**Materials provided:**
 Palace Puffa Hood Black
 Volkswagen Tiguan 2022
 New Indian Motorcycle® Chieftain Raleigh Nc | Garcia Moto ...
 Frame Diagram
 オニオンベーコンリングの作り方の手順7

==

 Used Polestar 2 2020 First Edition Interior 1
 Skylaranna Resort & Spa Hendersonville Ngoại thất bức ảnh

* * *

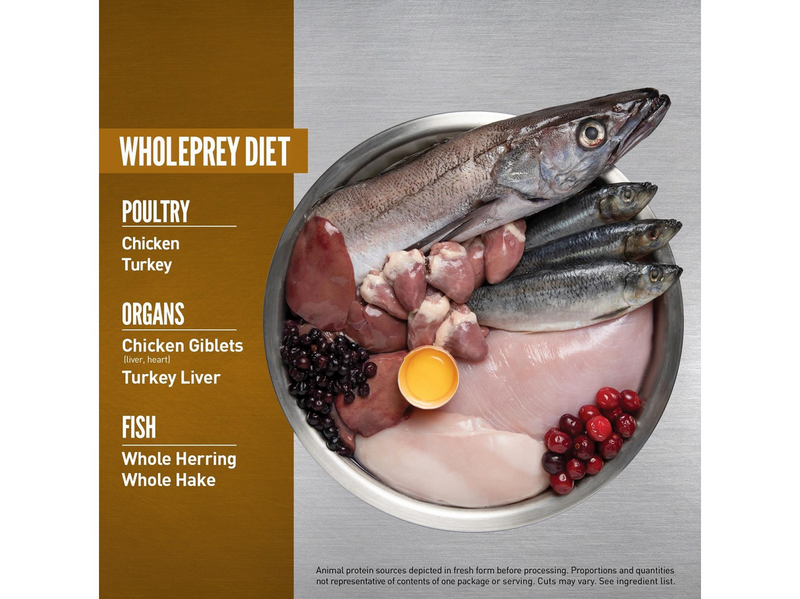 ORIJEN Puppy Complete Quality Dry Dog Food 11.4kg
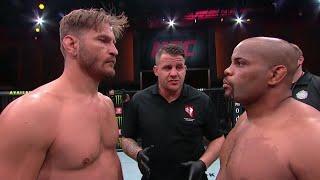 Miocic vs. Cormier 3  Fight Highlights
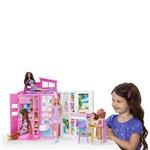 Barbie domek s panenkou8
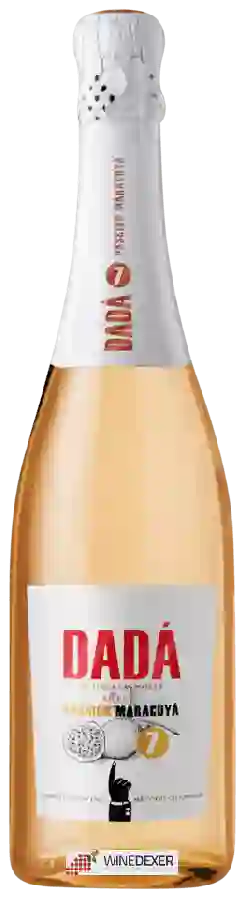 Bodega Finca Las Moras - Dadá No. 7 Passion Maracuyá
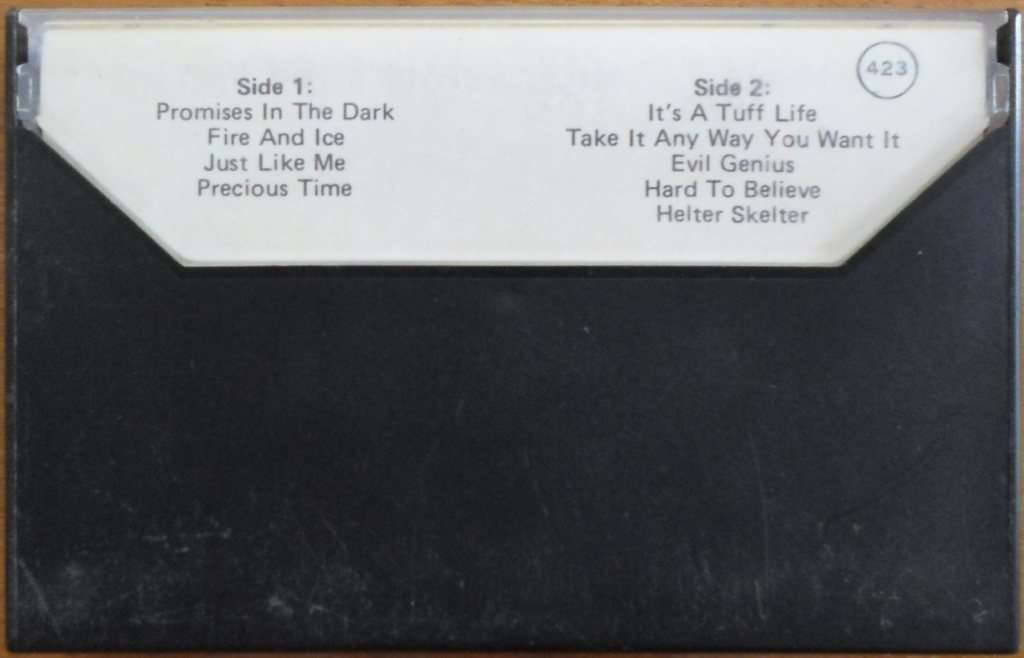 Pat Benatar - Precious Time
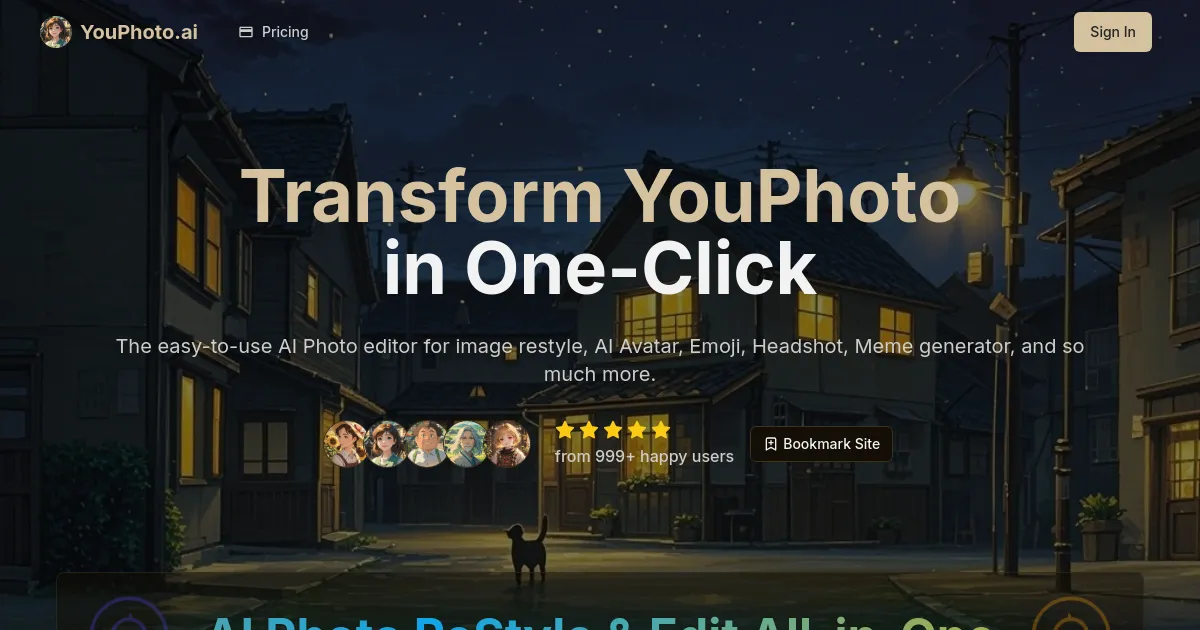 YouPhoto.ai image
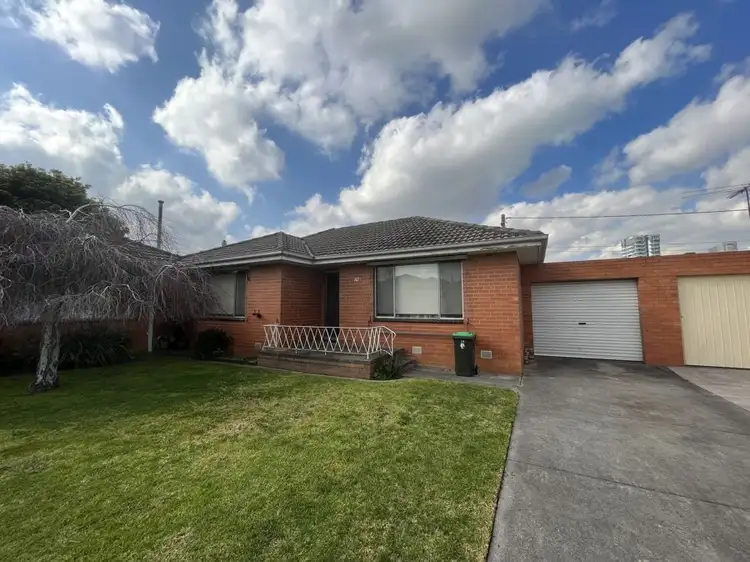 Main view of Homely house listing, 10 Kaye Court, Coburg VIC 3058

**What the exercise asks:** Copy out precisely the lines from the line with "Palace Puffa Hood Black" to the line with "オニオンベーコンリングの作り方の手順7" in the material above, including those two lines and omitting all the rest.

**Finished task:**
 Palace Puffa Hood Black
 Volkswagen Tiguan 2022
 New Indian Motorcycle® Chieftain Raleigh Nc | Garcia Moto ...
 Frame Diagram
 オニオンベーコンリングの作り方の手順7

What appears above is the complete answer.